Concept Summary #
A new solution to the problem of Anthropogenic Climate Change (ACC) is presented. A tall structure, called a Convective Heat Engine (CHE), is conceptualized that vertically transfers surface heat by means of convection through a column of water. The temperature profile of the atmospheric column when in thermal equilibrium – that is, when no atmospheric convection is occurring– is such that the temperature of the atmosphere decreases with altitude. This temperature profile is conducive to convection in water as water bodies in thermal equilibrium have a temperature profile that INCREASES with altitude. This means that when water is warmed from below, the warm water always rises to the top.
Surface atmospheric heat can be convectively transferred upwards through a water column to some altitude, where it can then be exchanged with the cooler atmosphere at that altitude. This warmed air at altitude is now thermally unstable relative to the surrounding air, and will accordingly rise through convection. Thus, “trapped” surface heat can be transferred vertically in such a way that requires no outside energy input – this is due to the fact that water offers a path of lower resistance to convection. In the Case Study examined in this report, 29GW of surface heat is vented continuously. Thus the direct effect of ACC – surface heating – can be mitigated in a quantifiable manner.

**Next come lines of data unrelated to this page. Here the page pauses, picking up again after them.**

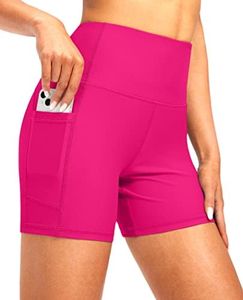 Soothfeel Women's High Waisted Swim Board Shorts 5 Inch UPF 50+ Tummy Control Bathing Suit Bottoms for Women with Pockets Rosy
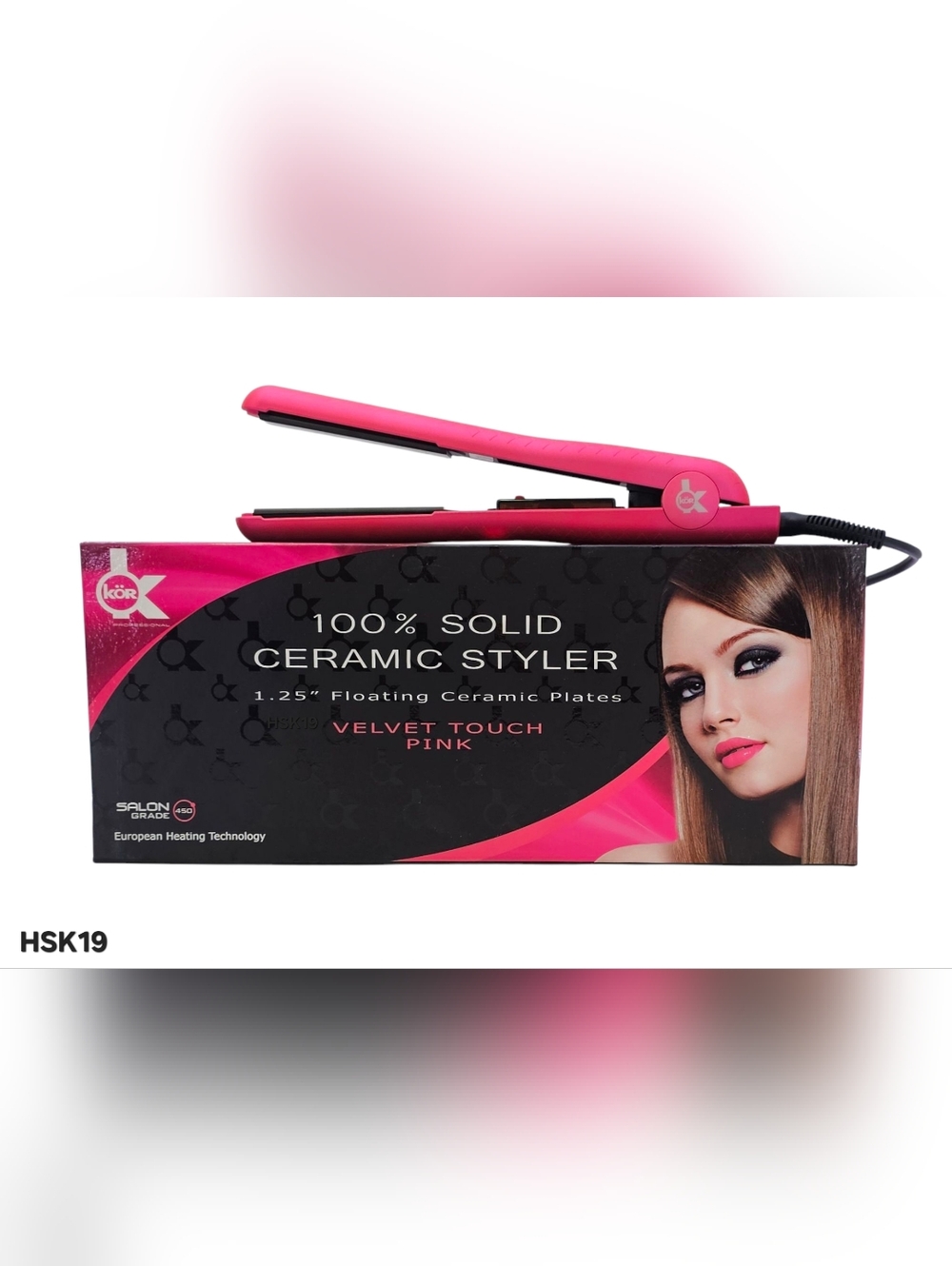 KOR HAIR STRAIGHTENER 100% SOLID CERAMIC PLATES HSK19 PINK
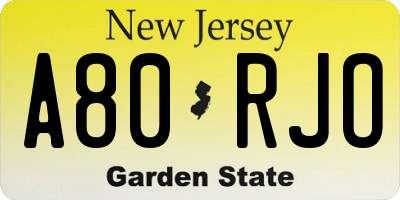NJ license plate A80RJO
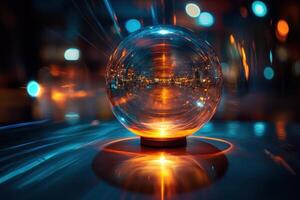 Crystal ball reflecting city lights at night. photo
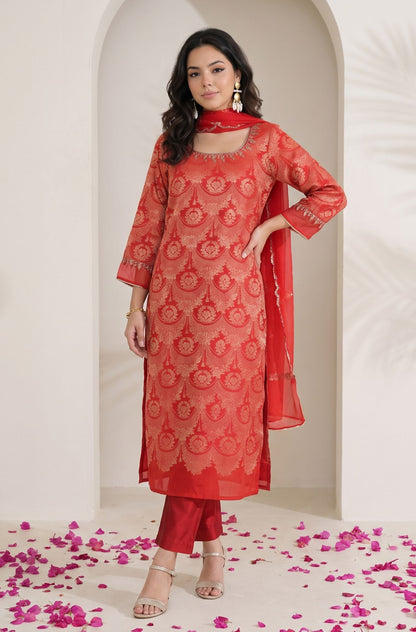 Red Zari Embroidered Jacquard Straight Kurta with Pants and Dupatta Set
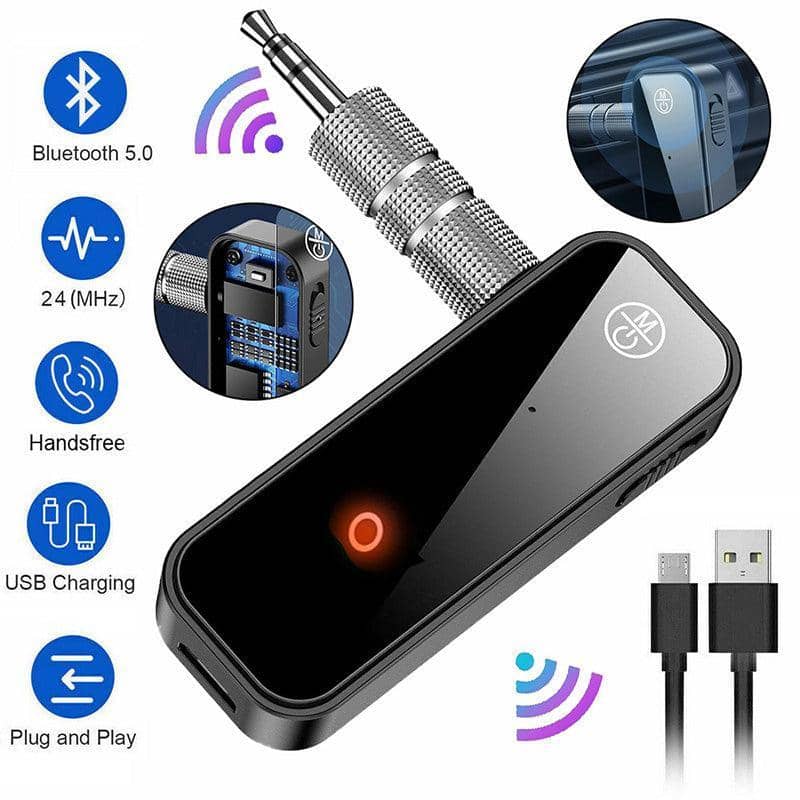 Bluetooth 5.0 Audio Adapter, Transmitter and Receiver with 3.5mm AUX - Black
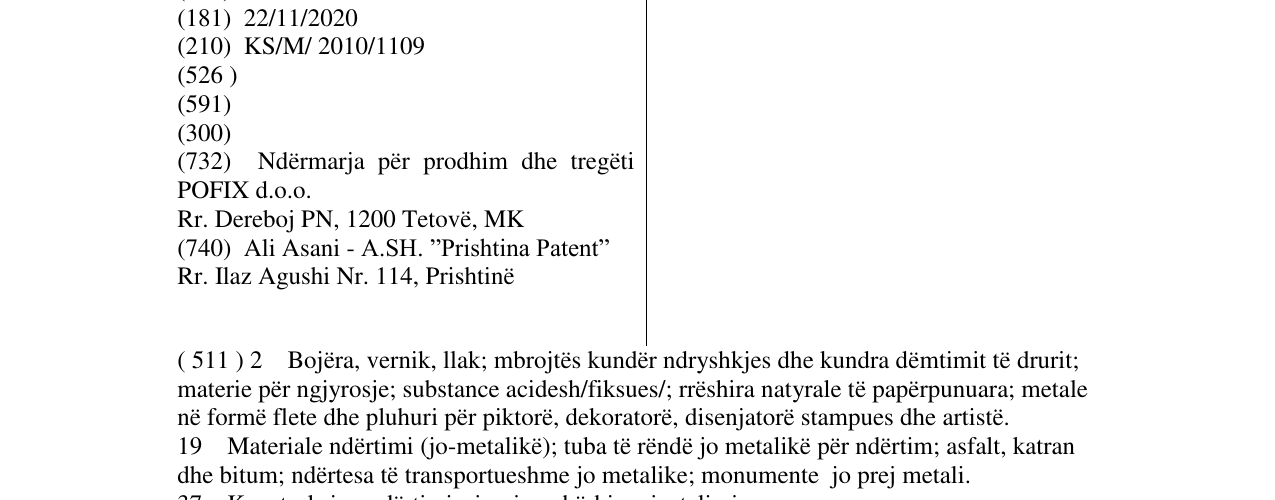 Zëri i markës POPUTZGRUND në buletin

This rising air has the ability to do work, since it is rising upwards in a gravitational field. By containing these convective processes in flue-like enclosures, it is possible for this rising air to draw cool air up behind it, further cooling this air as it rises. Cooling air has a reduced capacity to hold moisture, with precipitation occurring once the air is cooled below its dew point. The flue-like enclosures are linked in a manner which allows for sequential cooling of air parcels, allowing for most of the water vapor to be precipitated out of the rising air parcels. Water condensate is continuously produced in this structure. In the Case Study example, some 417 Mega Liters of water is produced per day. This was for a conservative example where the relative humidity of ambient air was set at 55%. More humid air would produce more water condensate. This water can be recycled back to the environment to stimulate plant growth – which will act to sequester atmospheric CO2. So the CHE can mitigate the cause of ACC by indirectly removing atmospheric CO2 through promoting plant growth by increasing the availability of water for irrigation – especially in arid regions where water is the main constraint. Deserts are relatively free of carbon. Adding water to a desert establishes plant growth which is a clear demonstration of CO2 sequestration.
An additional output of this arrangement is very cold air, which can be utilized for condensing purposes in thermal power generating plants. It is well established that the lower the condensing temperature in thermal power plant, the more efficiently that plant operates. This condensing function is normally performed by cooling towers, whose condensing temperatures are a function of the daily ambient temperature fluctuations. The temperature of the output air of the CHE can be decreased by increasing the number of flue-like enclosures. An example of renewable power generation benefiting from the CHE is presented.
Finally, it is shown that the outer perimeter of the CHE serves as an ideal location for accommodation units, turning the CHE into the ideal sustainable city that produces surplus water and power and vents surface heat – potentially the ideal answer to Anthropogenic Climate Change.